Part \,\,3: \,\,Determine\,\, out-of-plane\,\, design \,\,seismic\,\, forces \,\,on\,\, the precast\,\, concrete\,\, wall\,\, panels
1. Solid wall panels

According to 12.11.1, structural walls shall be designed for a force normal to the surface equal to 0.4S_{DS}I times the weight of the wall. The minimum normal force is 10 percent of the weight of the wall.

For a solid precast concrete wall panel:

Weight W_p = (7 /12) × 0.15× 22.67 = 2.0 kips/ft

0.1× 2.0 = 0.2 kips/ft

0.4×1.01×1.0 × 2.0 = 0.8 kips/ft (governs)

This force governs over the three minimum anchorage forces specified in 12.11.2 as well.

Distributed load = 0.8/22.67 = 0.04 kips/ft/ft width of wall

This uniformly distributed load is applied normal to the wall in either direction.
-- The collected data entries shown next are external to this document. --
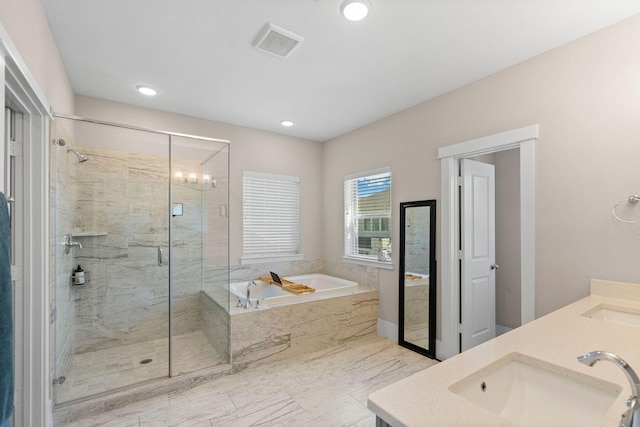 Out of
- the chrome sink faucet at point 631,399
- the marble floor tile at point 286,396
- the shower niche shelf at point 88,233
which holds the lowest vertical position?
the marble floor tile at point 286,396

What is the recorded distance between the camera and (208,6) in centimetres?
184

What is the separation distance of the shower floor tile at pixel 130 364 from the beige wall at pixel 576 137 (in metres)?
2.98

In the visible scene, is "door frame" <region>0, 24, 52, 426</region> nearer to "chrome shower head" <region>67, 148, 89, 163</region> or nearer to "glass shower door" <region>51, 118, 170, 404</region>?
"glass shower door" <region>51, 118, 170, 404</region>

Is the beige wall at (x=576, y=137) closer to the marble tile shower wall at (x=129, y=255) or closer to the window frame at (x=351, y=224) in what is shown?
the window frame at (x=351, y=224)

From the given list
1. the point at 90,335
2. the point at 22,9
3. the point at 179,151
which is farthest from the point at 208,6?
the point at 90,335

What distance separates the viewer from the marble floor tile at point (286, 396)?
2.13m

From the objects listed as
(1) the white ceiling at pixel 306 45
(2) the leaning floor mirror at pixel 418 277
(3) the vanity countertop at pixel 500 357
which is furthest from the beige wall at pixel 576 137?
(2) the leaning floor mirror at pixel 418 277

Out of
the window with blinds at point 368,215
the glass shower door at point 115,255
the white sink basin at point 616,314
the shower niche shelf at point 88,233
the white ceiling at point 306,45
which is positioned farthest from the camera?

Anchorage of the precast walls to the flexible diaphragms must develop the out-ofplane force given by Eq. 12.11-1:

F_p = 0.8S_{DS} IW_p = 1.6 kips/ft

Note that the 25 percent increase in the design force for diaphragm connections is not applied to out-of-plane wall anchorage force to the diaphragm (12.3.3.4).

2. Wall panels with openings

A typical wall panel on the east or west faces of the building is shown in Figure 6.15.

In lieu of a more rigorous analysis, the pier width between the two openings is commonly defined as a design strip. The total weight used in determining the out-ofplane design seismic force is taken as the weight of the design strip plus the weight of the wall tributary to the design strip above each adjacent opening (see Figure 6.16):

W_{p{1}}=\frac{7}{12}\times150\times4=350 plf

W_{p{2}}=\frac{7}{12}\times150\times6=525 plf

W_{p{3}}=\frac{7}{12}\times150\times1.5=131 plf

The out-of-plane seismic forces are determined by 12.11.1:

F_{P{1}}=0.4\,S_{D S}I W_{P{1}}=0.4\times1.01\times1.0\times350=141.4 plf from 0 ft to 20 ft

F_{P2}=0.4S_{D S}I W_{P1}=0.4\times1.01\times1.0\times525=212.1 plf from 14 ft to 20 ft

F_{P3}=0.4S_{D S}I W_{P1}=0.4\times1.01\times1.0\times131=52.9 plf from 7 ft to 20 ft

The wall is designed for the combination of axial load from the gravity forces and bending and shear from the out-of-plane seismic forces.

^{19} The weight of the walls is conservatively calculated assuming that there are no openings in the walls.
^{20} Walls parallel to the direction of the seismic forces are typically not considered in the tributary weight, since these walls do not obtain support from the diaphragm in the direction of the seismic force.